Remote-Hosted Services for Public and Private Websites
Customized Search Engines and Auditing for Broken Links
Creation and Hosting of Dynamic Websites
Search    Audit    Design    About Us
Benefits    FAQ    Sign-up    Request a Demo Home

Frequently Asked Questions

Does the Blossom Search output ever contain advertisements?


Can I search with Boolean expressions? What about regular expressions?

Simplicity of usage has been the guiding principle for Blossom Search. Most people don't know Boolean from Bully Inn and would assume "Hello, how are you?" to be as regular an expression as any.

Accordingly, Blossom Search accepts neither Boolean nor pattern operators, but that is not to say that the searches it performs are simple-minded. The default phrase search would be entered on some search engines by inserting AND NEAR between the words in the phrase. Thus a phrase will match a Web page if all the words being searched for are located within about 20 words of one another on the page. The default word search would be entered as word* in some search engines. That is, a search string matches any word that begins with the string. (You can remove the NEAR operator or force whole-word matches, as described in the Search Guide Section "Search Options".)

How often will my site be spidered? Will my server slow down during spidering?

The default update schedule for Site and Affinity Search is once per week; for Enterprise Search there are two weekly updates. For all services you can request daily update or trigger an update on demand.

Spider traffic probably won't be noticeable on your server. It requests at most one page every few seconds.

Will the search results page look like the rest of my site?

You have complete control over the search form and the search results page. By supplying HTML before and after the search results you can set the page layout to look like the rest of your site. There are many options for controlling the search output including the use of cascading style sheets.

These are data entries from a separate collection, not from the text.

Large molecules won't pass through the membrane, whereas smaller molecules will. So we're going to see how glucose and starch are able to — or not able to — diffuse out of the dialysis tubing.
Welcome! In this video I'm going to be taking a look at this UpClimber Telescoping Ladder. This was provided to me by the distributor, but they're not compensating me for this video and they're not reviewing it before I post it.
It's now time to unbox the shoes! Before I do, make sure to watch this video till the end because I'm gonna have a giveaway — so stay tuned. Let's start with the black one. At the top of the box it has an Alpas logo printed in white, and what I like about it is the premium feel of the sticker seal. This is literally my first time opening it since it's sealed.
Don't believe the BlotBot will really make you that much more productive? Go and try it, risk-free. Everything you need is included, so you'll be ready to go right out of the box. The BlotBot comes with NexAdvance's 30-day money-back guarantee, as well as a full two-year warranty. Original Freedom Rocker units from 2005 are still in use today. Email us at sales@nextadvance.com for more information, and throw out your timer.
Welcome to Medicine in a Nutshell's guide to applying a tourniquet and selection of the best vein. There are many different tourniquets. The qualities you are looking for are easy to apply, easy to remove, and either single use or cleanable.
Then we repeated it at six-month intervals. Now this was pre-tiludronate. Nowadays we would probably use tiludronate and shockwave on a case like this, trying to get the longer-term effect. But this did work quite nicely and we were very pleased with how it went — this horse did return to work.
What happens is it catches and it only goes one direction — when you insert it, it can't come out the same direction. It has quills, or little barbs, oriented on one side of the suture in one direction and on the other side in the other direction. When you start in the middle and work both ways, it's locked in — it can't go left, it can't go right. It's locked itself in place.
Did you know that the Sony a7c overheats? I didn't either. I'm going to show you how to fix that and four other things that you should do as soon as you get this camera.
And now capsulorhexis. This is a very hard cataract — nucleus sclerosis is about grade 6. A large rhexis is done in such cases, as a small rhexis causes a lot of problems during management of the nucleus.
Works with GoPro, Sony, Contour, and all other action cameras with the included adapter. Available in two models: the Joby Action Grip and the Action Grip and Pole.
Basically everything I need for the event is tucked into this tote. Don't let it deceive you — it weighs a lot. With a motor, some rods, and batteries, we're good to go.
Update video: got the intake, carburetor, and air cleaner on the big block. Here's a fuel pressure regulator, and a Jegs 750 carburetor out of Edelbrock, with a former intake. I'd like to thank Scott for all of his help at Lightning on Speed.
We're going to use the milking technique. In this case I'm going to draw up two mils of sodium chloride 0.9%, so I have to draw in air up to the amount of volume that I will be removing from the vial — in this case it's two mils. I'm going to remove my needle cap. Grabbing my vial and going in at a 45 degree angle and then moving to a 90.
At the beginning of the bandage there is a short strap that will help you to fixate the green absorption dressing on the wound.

Where are the Blossom Search servers? How reliable are they?

Blossom's servers are housed in specialized hosting facilities near Washington D.C., San Antonio, and Los Angeles. The servers run the Redhat Linux operating system and the Apache Web server. The servers are dedicated to searching, making them relatively easy to protect from Internet-based attacks.

The search service is fully mirrored across all our servers. Not only does this distribute the load and improve response time, it enhances reliability as the servers operate independently.

Will Blossom Search index Adobe PDF files? What about MS/Word and WordPerfect files?

Blossom Search will index PDF and word processing files, but only if you ask it to. See the Search Guide Section "Indexing Options" for details on how to ask.

What happens when I delete a document from my site?

The spider tests each page in the search index to see if it has changed or been removed. When the spider requests information about a page that has been removed, your Web server will report that the page isn't found (a 404 status code in HTTP-speak) and the page will be removed from the index. Note that just removing the links to a page won't remove the page from your index, you must also remove the file.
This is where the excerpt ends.